Within the embedding space, can we identify the similarity of words? We want to see if words that have similar embedding-vectors also have similar meanings. Similarity of embedding-vectors can be measured by different metrics, e.g. Euclidean distance or cosine distance.

In [168]:
# Helper function to help produce similarity based on their cosine
def print_sorted_words(word, metric='cosine'):
    """
    Print the words in the vocabulary sorted according to their
    embedding-distance to the given word.
    Different metrics can be used, e.g. 'cosine' or 'euclidean'.
    """

    # Get the token (i.e. integer ID) for the given word.
    token = tokenizer.word_index[word]

    # Get the embedding for the given word. Note that the
    # embedding-weight-matrix is indexed by the word-tokens
    # which are integer IDs.
    embedding = weights_embedding[token]

    # Calculate the distance between the embeddings for
    # this word and all other words in the vocabulary.
    distances = cdist(weights_embedding, [embedding],
                      metric=metric).T[0]
    
    # Get an index sorted according to the embedding-distances.
    # These are the tokens (integer IDs) for words in the vocabulary.
    sorted_index = np.argsort(distances)
    
    # Sort the embedding-distances.
    sorted_distances = distances[sorted_index]
    
    # Sort all the words in the vocabulary according to their
    # embedding-distance. This is a bit excessive because we
    # will only print the top and bottom words.
    sorted_words = [inverse_map[token] for token in sorted_index
                    if token != 0]

    # Helper-function for printing words and embedding-distances.
    def _print_words(words, distances):
        for word, distance in zip(words, distances):
            print("{0:.3f} - {1}".format(distance, word))

    # Number of words to print from the top and bottom of the list.
    k = 10

    print("Distance from '{0}':".format(word))

    # Print the words with smallest embedding-distance.
    _print_words(sorted_words[0:k], sorted_distances[0:k])

    print("...")

    # Print the words with highest embedding-distance.
    _print_words(sorted_words[-k:], sorted_distances[-k:])

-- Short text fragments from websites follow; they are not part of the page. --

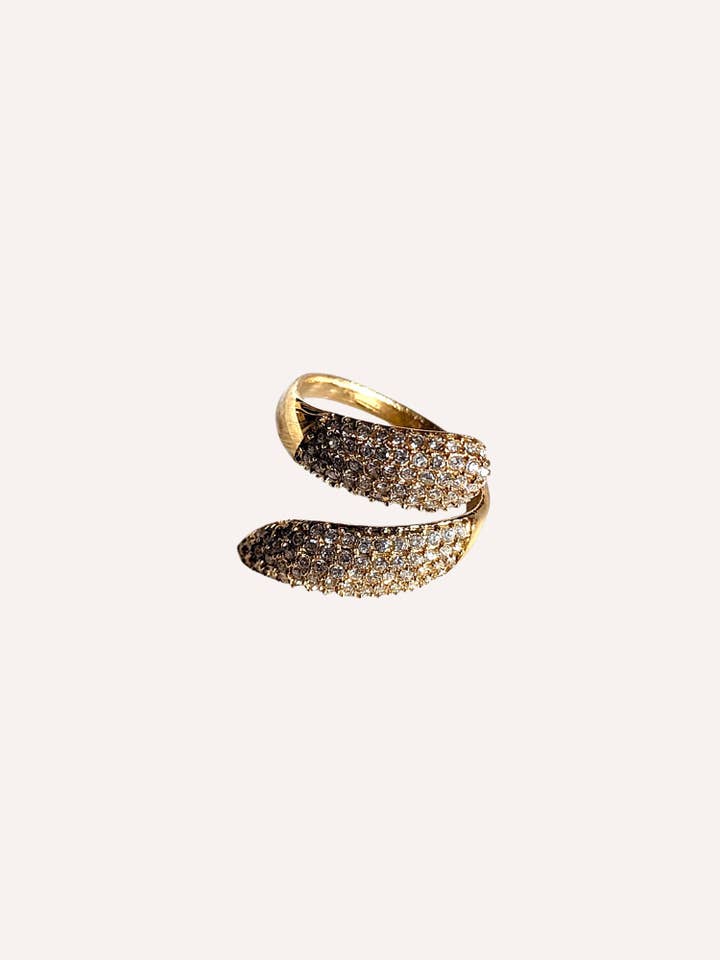 Bague ouverte avec cristaux – Bague Wave Pavé pour la vente par GioLì Jewels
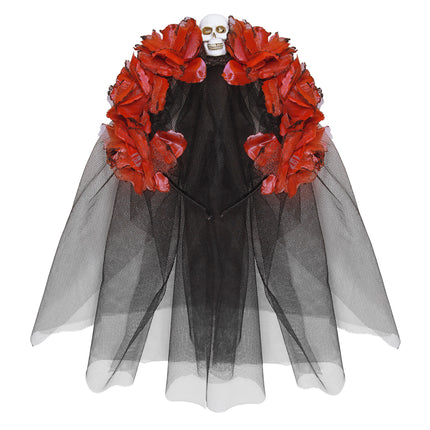 Bandeau d'Halloween Noir Rouge Voile
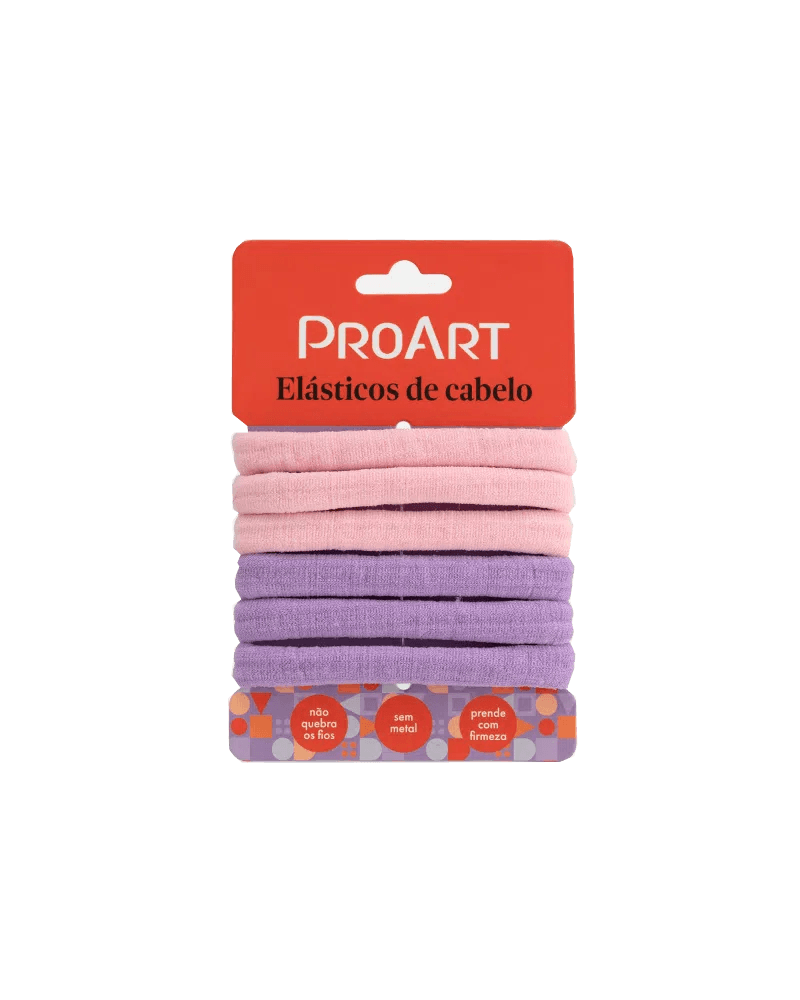 Elásticos de Cabelo ProArt 6 unidades Rosa e Lilás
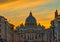 Orange Sunset Street Lights Saint Peter& x27;s Basilica Vatican Rome Italy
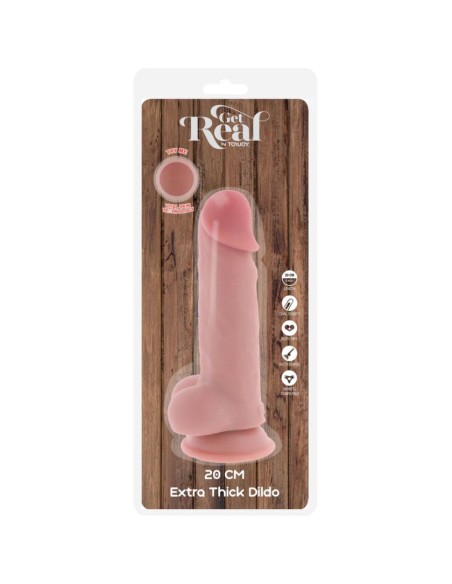 GET REAL PENE REALASTICO DELUXE CON TESTACULOS EXTRA GRUESO 20 CM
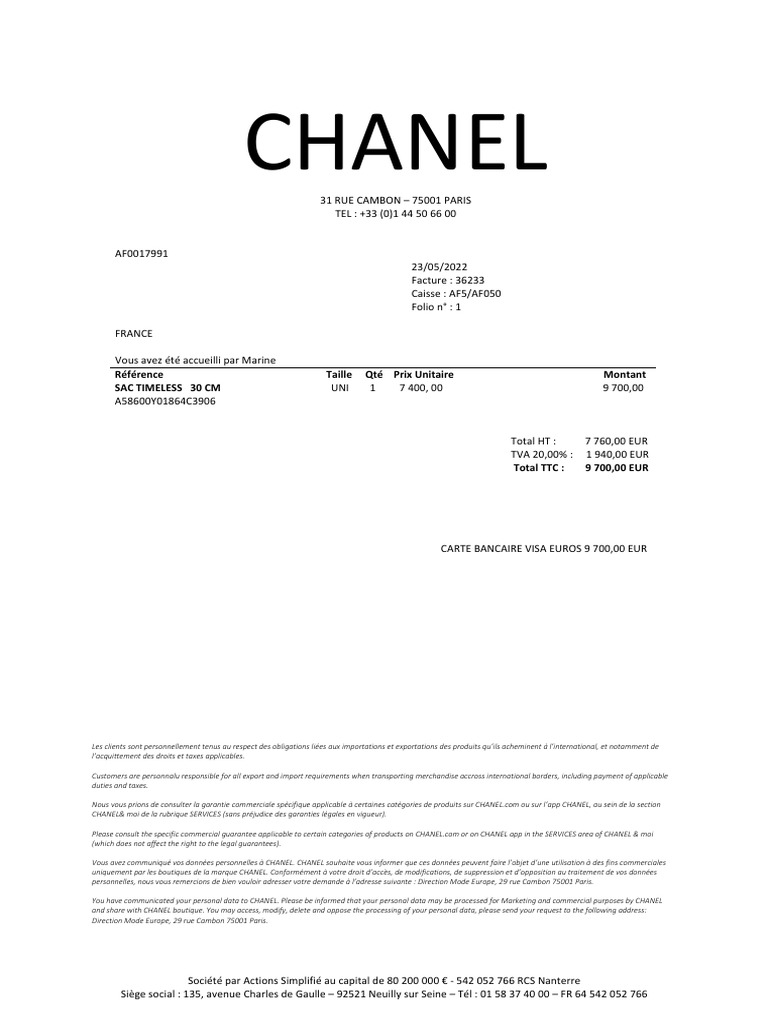 Adresse et Facture de Chanel Paris | PDF | Paiements | Économie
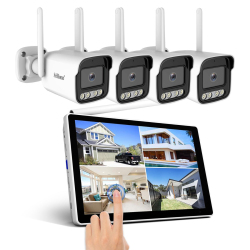 Kit De Vidéosurveillance WiFi 4 Caméras 5MP Écran Tactile 10 1 Pouces Détection Humaine IP66 - www.yonis-shop.com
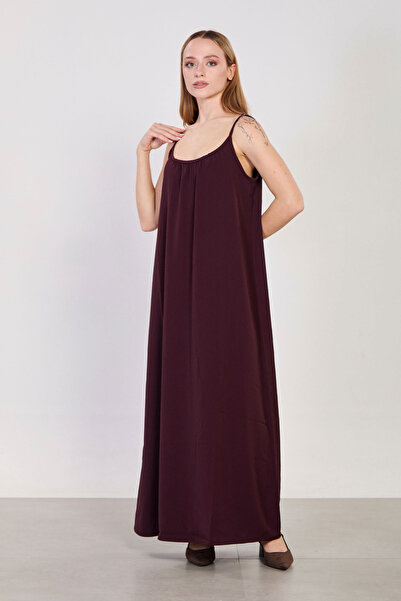 BARRELS AND OIL Γυναικείο μακρύ φόρεμα με κορδόνια - Δαμασκηνί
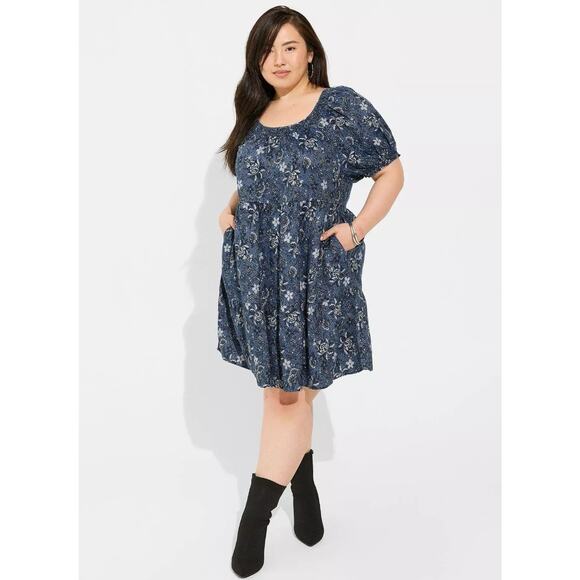 NWT Torrid Womens 2X Chambray Smocked Puff Sleeve Boho Cottagecore Mini Dress - Picture 2 of 13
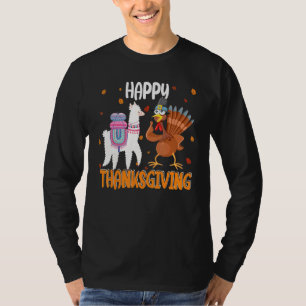 Happy Thanksgiving Llama And Turkey Friends T-Shirt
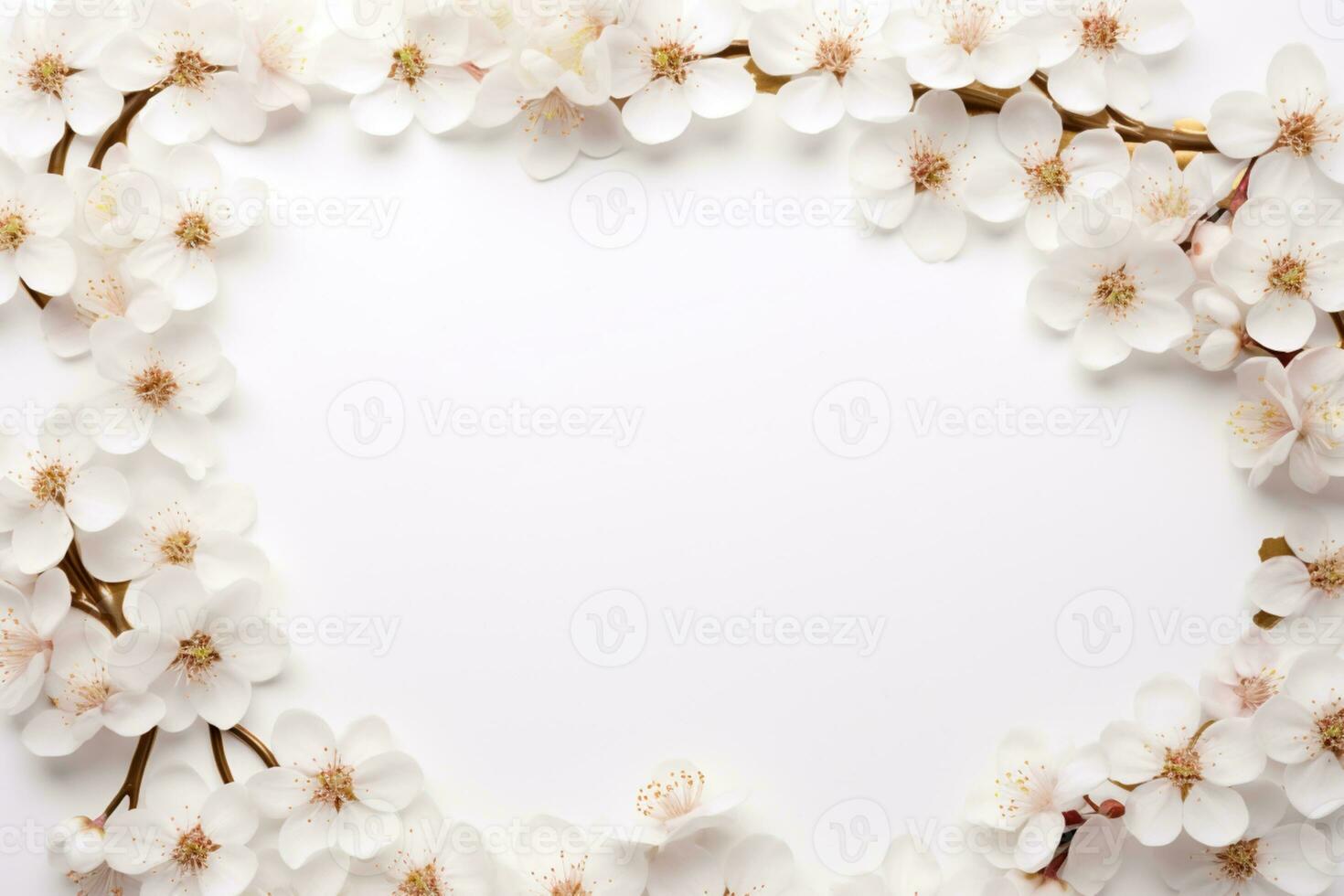 AI Generated flower frame on white with copy space photo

**Let us print the words that are near and far from the word 'great' in terms of their vector-embeddings. Note that these may change each time you train the model.**

In [169]:
print_sorted_words('great', metric='cosine')

Distance from 'great':
0.000 - great
0.007 - touch
0.008 - complain
0.009 - dwarf
0.009 - businessman
0.015 - greatest
0.015 - refreshing
0.015 - denver
0.016 - theatres
0.016 - wonderfully
...
1.978 - fiancã©e
1.979 - lame
1.979 - robbery
1.980 - supposed
1.981 - carole
1.981 - threw
1.982 - wasted
1.982 - brainless
1.987 - weirdness
1.987 - cheap


**Tips on how to improve this kind of model when using Keras/Tensorflow**
1. Run more training-epochs. Does it improve performance?
2. If the model overfits the training-data, try using dropout-layers and dropout inside the GRU.
3. Increase or decrease the number of words in the vocabulary. This is done when the Tokenizer is initialized. Does it affect performance?
4. Increase the size of the embedding-vectors to e.g. 200. Does it affect performance?
5. Try varying all the different hyper-parameters for the Recurrent Neural Network.
6. Use 'post' for padding and truncating in pad_sequences(). Does it affect the performance?
7. Use individual characters instead of tokenized words as the vocabulary. You can then use one-hot encoded vectors for each character instead of using the embedding-layer.
8. Use model.fit_generator() instead of model.fit() and make your own data-generator, which creates a batch of data using a random subset of x_train_tokens. The sequences must be padded so they all match the length of the longest sequence.